Sędziowie w Georgii i Michigan również oddalili w czwartek pozwy wyborcze Trumpa, który żądał zaprzestania liczenia głosów w tych stanach. Orzeczenia zapadły, gdy Joe Biden (78 l.) zbliżył się do 270 głosów Kolegium Elektorów potrzebnych do zdobycia Białego Domu.
Kiedy były wiceprezydent Joe Biden objął nagłą przewagę w Pensylwanii w piątek rano, umacniając swoją kandydaturę, sztab prezydenta Trumpa ogłosił, że „wybory się nie skończyły”. - Fałszywa prognoza zwycięstwa Joe Bidena opiera się na wynikach w czterech stanach, których liczenie jest dalekie od zakończenia - napisał główny doradca kampanii Matt Morgan.
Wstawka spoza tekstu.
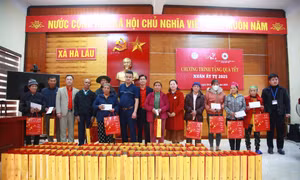 Tặng 200 suất quà Tết cho hộ cận nghèo, hộ có hoàn cảnh khó khăn tại huyện Tiên Yên, TP Hạ Long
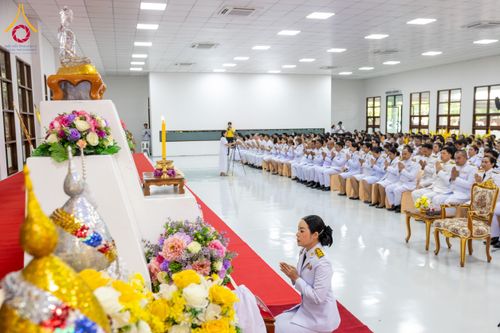 ภาพ No.179552:พิธีเจริญพระพุทธมนต์ พิธีทำบุญตักบาตรถวายพระราชกุศล และพิธีวางพานพุ่มดอกไม้ถวายราชสักการะ  แด่พระบาทสมเด็จพระบรมชนกาธิเบศร มหาภูมิพลอดุลยเดชมหาราช บรมนาถบพิตร เนื่องในวันคล้ายวันพระบรมราชสมภพ วันชาติ และวันพ่อแห่งชาติ วันพฤหัสบดีที่ 5 ธันวาคม พ.ศ. 2567 ณ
- Georgia zmierza do ponownego przeliczenia głosów i jesteśmy przekonani, że znajdziemy karty do głosowania nieprawidłowo zebrane, i ostatecznie zwycięży prezydent Trump - kontynuowano w oświadczeniu, nie dostarczając żadnych faktycznych dowodów, że oszustwa wyborcze rzeczywiście miały miejsce.
W Georgii Biden ma niewielką przewagę nad Trumpem, wynoszącą zaledwie 1098 głosów, przy czym przeliczono ich 99 proc. W Nevadzie, gdzie Biden również może wygrać, sztab Trumpa stwierdził, że są tysiące ludzi, którzy niewłaściwie oddali karty do głosowania. - Wyniki we wszystkich z ostatnio uznanych za wygrane przez Bidena stanów będą podważone na mocy przepisów o oszustwie wyborczym. Jest na to mnóstwo dowodów – wystarczy spojrzeć do mediów. Wygramy! - napisał prezydent na Twitterze.
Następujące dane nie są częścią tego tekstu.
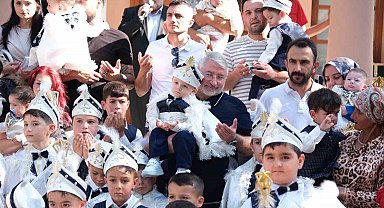 Çorum Belediyesi'nin çocuk şenliği ve geleneksel sünnet şöleni renkli görüntülere sahne oldu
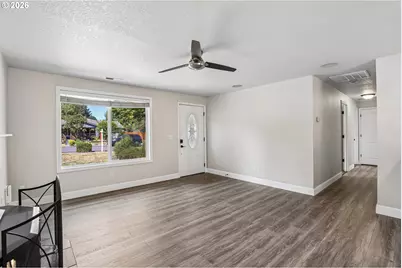546 SE Paropa Pl, Gresham, OR 97080 - Photo 9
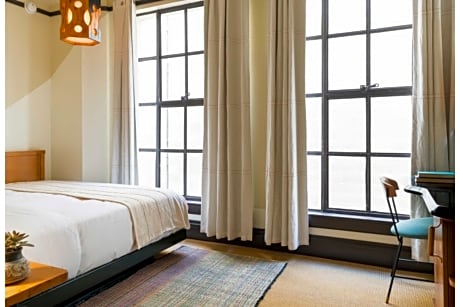 City view king bed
W cieniu tej gry o tron pozostaje niesłabnąca wojenka dwóch demokratów z Nowego Jorku - gubernatora Andrew Cuomo (63 l.) i burmistrza NYC Billa de Blasio. Tym razem pod ostrzałem znalazł się de Blasio, któremu Cuomo w wywiadzie radiowym zarzucił, że był najlepszą bronią Republikanów w stanie. Zdaniem Cuomo to właśnie przez de Blasio nowojorscy Demokraci mogą utracić co najmniej jedno miejsce w Kongresie USA i kilka senatorskich na Long Island.